AIM OF THE EXERCISE: Leaving pictures out, repeat word for word the line that has "let my people go by WINANS" and each line that follows it to the end of the listing.

GIVEN INFORMATION:
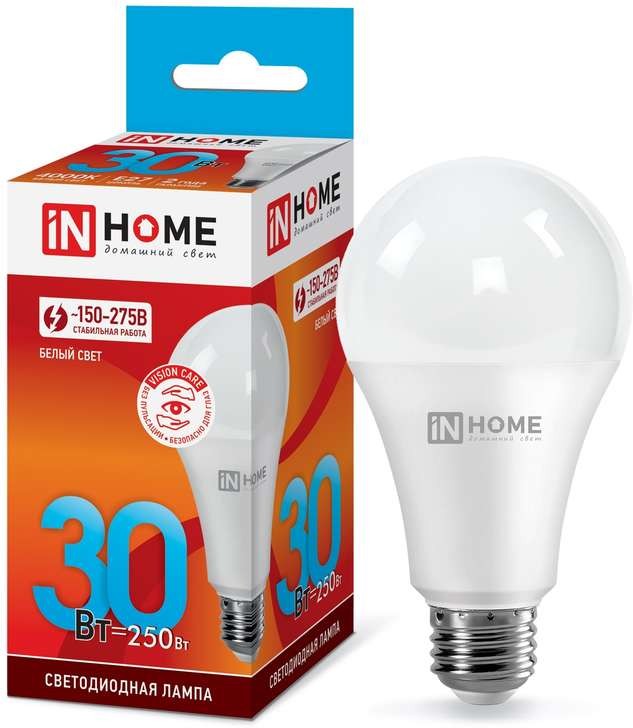 Лампа светодиодная LED-A70-VC 30Вт 230В E27 4000К 2850лм IN HOME 4690612024141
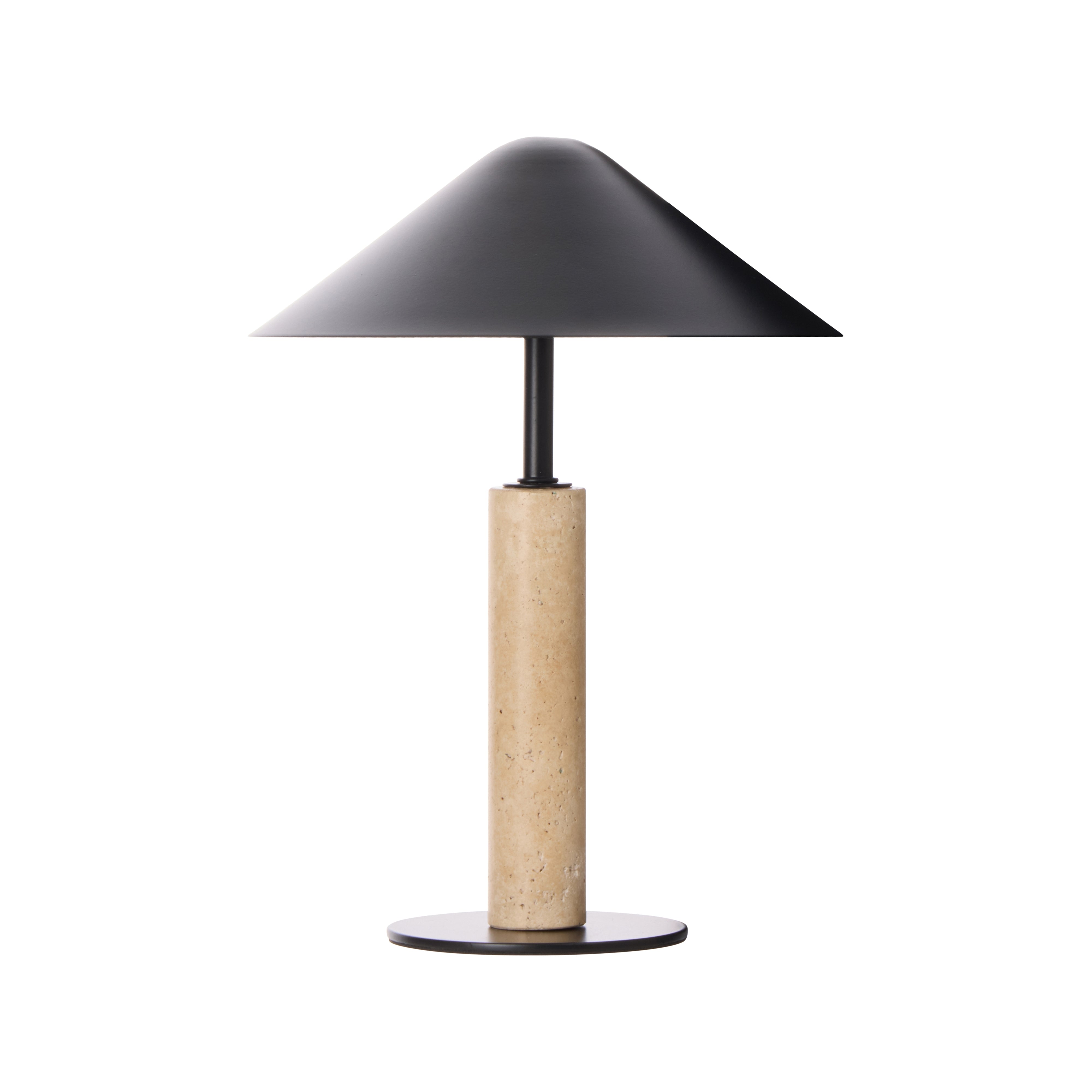 Amalfi Quinn LED Table Lamp Black & Natural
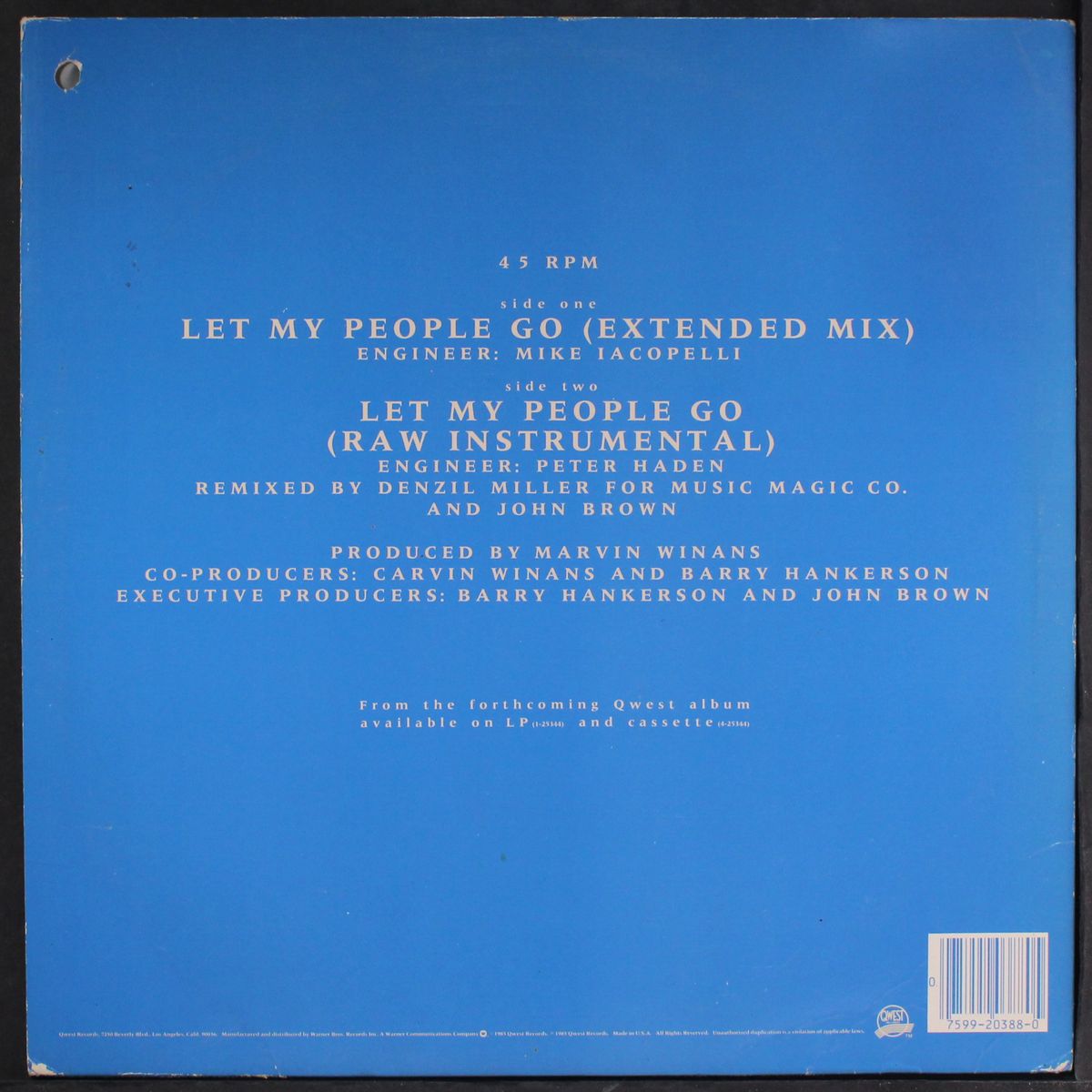 let my people go by WINANS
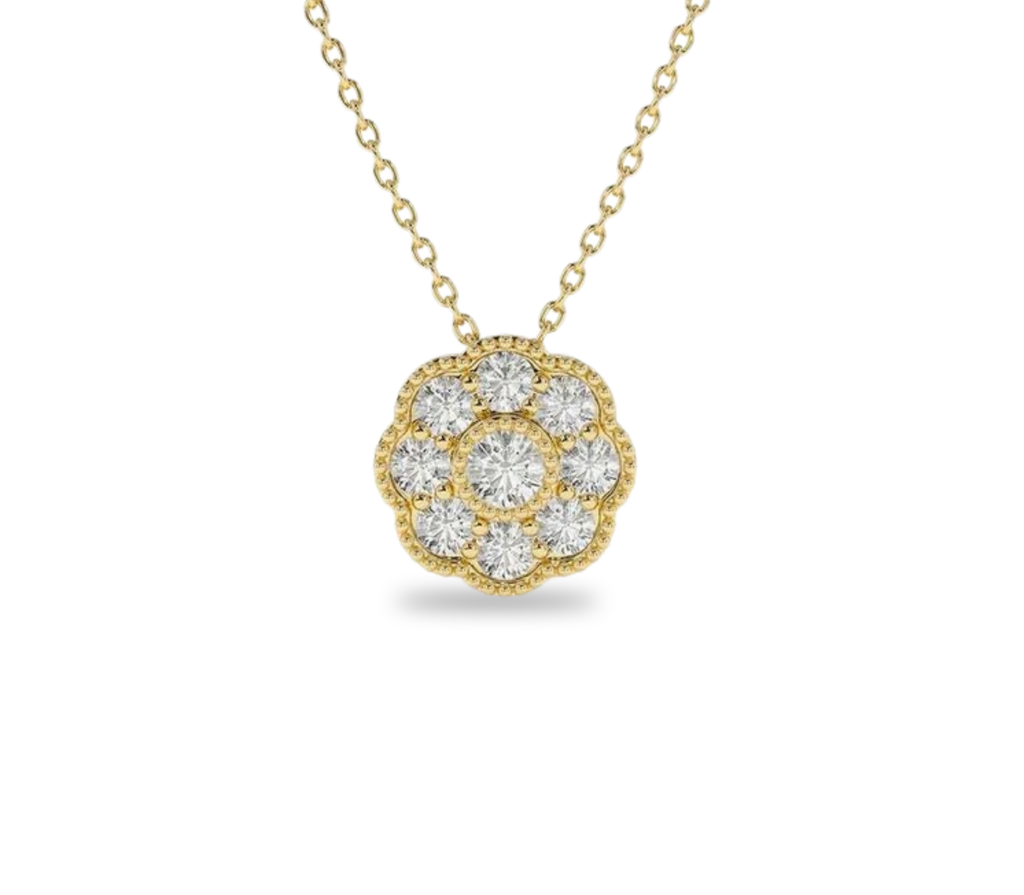Meliora Diamant-Halskette aus Gold mit funkelnden Akzenten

EXERCISE SOLUTION:
 let my people go by WINANS
Meliora Diamant-Halskette aus Gold mit funkelnden Akzenten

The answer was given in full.